What Are Section 262 Appraisal Rights in Delaware?
Delaware law provides a judicial path for shareholders dissenting from a merger to have a court independently determine the fair value of their investment.
Delaware law provides a judicial path for shareholders dissenting from a merger to have a court independently determine the fair value of their investment.
Appraisal rights protect minority shareholders of Delaware corporations during significant corporate changes like mergers. These rights allow a shareholder to dissent from the approved action and petition a court to determine the “fair value” of their shares. This judicial valuation process offers an alternative to accepting the consideration offered in the transaction, which the shareholder may believe undervalues their ownership stake. The process is designed to ensure that shareholders who are forced to give up their shares receive a just price determined through a formal legal proceeding.
The most common corporate actions that give rise to appraisal rights are mergers and consolidations, but they can also be triggered by corporate conversions, transfers, and domestications. When a company is acquired, shareholders are often forced to exchange their shares for cash or other consideration. It is in this context that appraisal rights become available, particularly when shareholders receive cash for their shares as part of the merger.
A limitation known as the “market-out” exception typically denies appraisal rights to shareholders of a publicly traded company if their shares are listed on a national securities exchange or held by more than 2,000 stockholders. The logic is that a liquid public market already provides a reliable indicator of the stock’s value. However, appraisal rights can be restored if shareholders are required to accept anything other than stock in another publicly traded company as consideration.
To successfully exercise appraisal rights, a shareholder must follow several procedural steps. The first is continuous ownership, meaning a shareholder must own the shares on the date they make a formal demand and continue to hold them without interruption through the effective date of the merger. Selling the shares during this period forfeits any claim to an appraisal.
A shareholder must deliver a formal written demand for appraisal to the corporation before the shareholder vote on the proposed merger. The letter must state the shareholder’s intention to demand appraisal and include their name, address, and the number and class of shares for which appraisal is sought. This document serves as the official notification to the company that the shareholder will not be accepting the merger consideration.
The shareholder’s voting behavior is strictly prescribed. To preserve appraisal rights, the shareholder must not vote in favor of the merger or consolidation. A vote for the transaction is considered an acceptance of its terms and disqualifies the shareholder from seeking appraisal. The shareholder may either vote against the transaction or abstain from voting altogether.

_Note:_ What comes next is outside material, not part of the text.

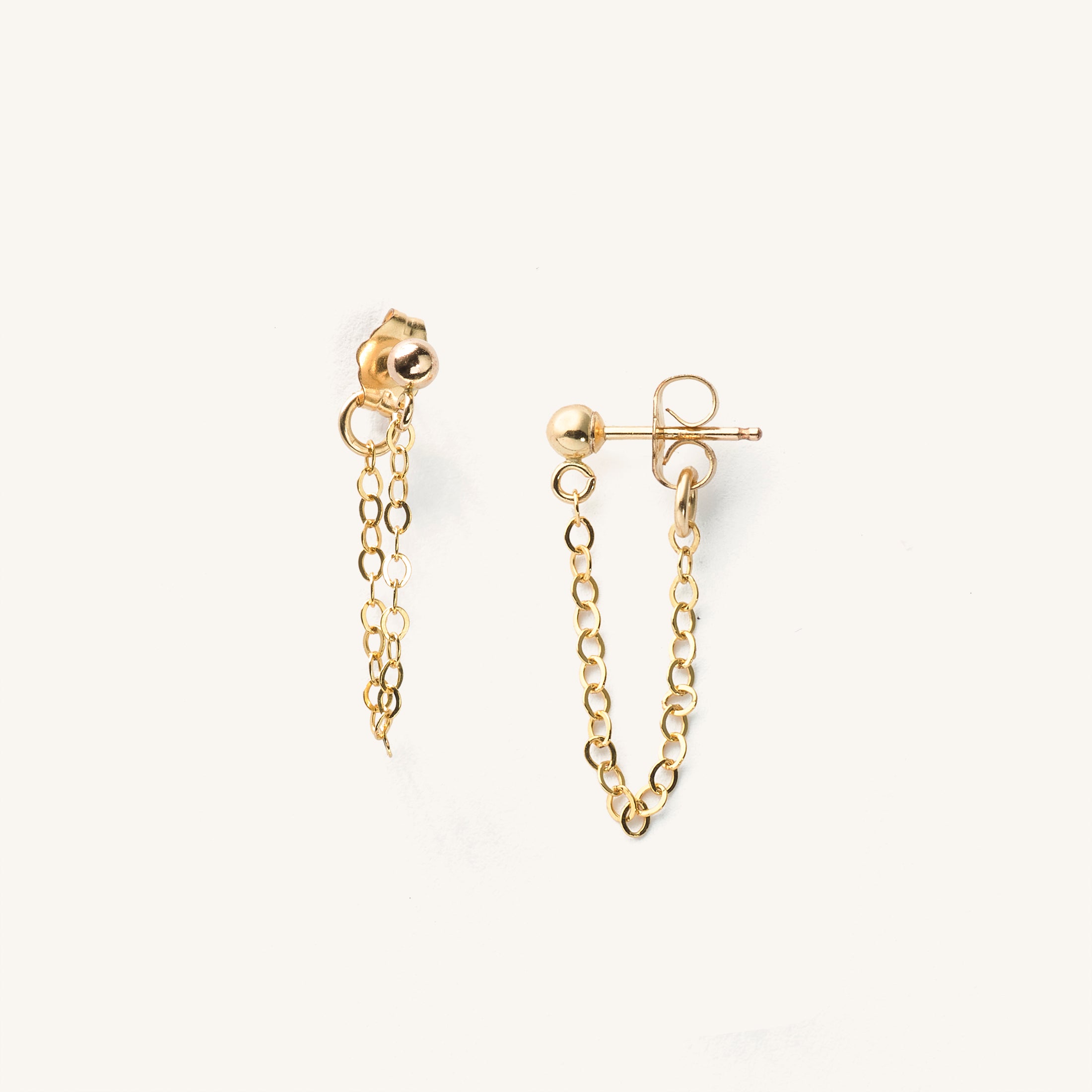 Close up of gold ball stud earrings with chain attachment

Once the merger is finalized, the process moves to the judicial phase. A petition for appraisal must be filed with the Delaware Court of Chancery within 120 days of the merger’s effective date. Missing this deadline is an absolute bar to proceeding. However, a shareholder can withdraw the demand and accept the original merger terms, as long as they do so within 60 days of the merger’s effective date and have not yet filed a court petition.
The petition to initiate the appraisal proceeding can be filed by either the dissenting shareholder or the corporation. If multiple shareholders have perfected their rights, the court will typically consolidate all petitions into a single proceeding. After a petition is filed, the court issues notices to all other shareholders who have properly demanded appraisal, informing them of the proceeding and their right to participate.
Within ten days of the merger’s effective date, the surviving company must send a notice to every shareholder who submitted a valid appraisal demand. This notice informs the dissenting shareholders that the merger has been completed and starts the 120-day period for filing the court petition.
The central issue in an appraisal proceeding is the determination of “fair value.” Under Delaware law, this is defined as the shareholder’s proportionate interest in the company as a “going concern” at the moment just before the merger takes effect. This valuation explicitly excludes any increase or decrease in value that may arise from the merger itself, such as anticipated synergies. The court’s goal is to value the company as if it were continuing its normal business operations.
To arrive at a fair value figure, the Delaware Court of Chancery considers all relevant factors and is not bound by a single valuation method. Commonly used methods include Discounted Cash Flow (DCF) analysis, analyzing comparable public companies, and examining prices from similar transactions. Courts have also given weight to the deal price itself, especially if a robust and conflict-free sales process occurred.
After the court determines the fair value per share, it will also calculate interest to be paid on that amount. The statutory interest rate is typically 5% over the Federal Reserve discount rate, compounded quarterly, and it accrues from the merger’s effective date until the judgment is paid. To reduce this liability, a corporation can prepay any amount to dissenting shareholders, which stops the accrual of interest on the prepaid sum. The court can also assess the costs of the proceeding, including attorney and expert witness fees, against the parties.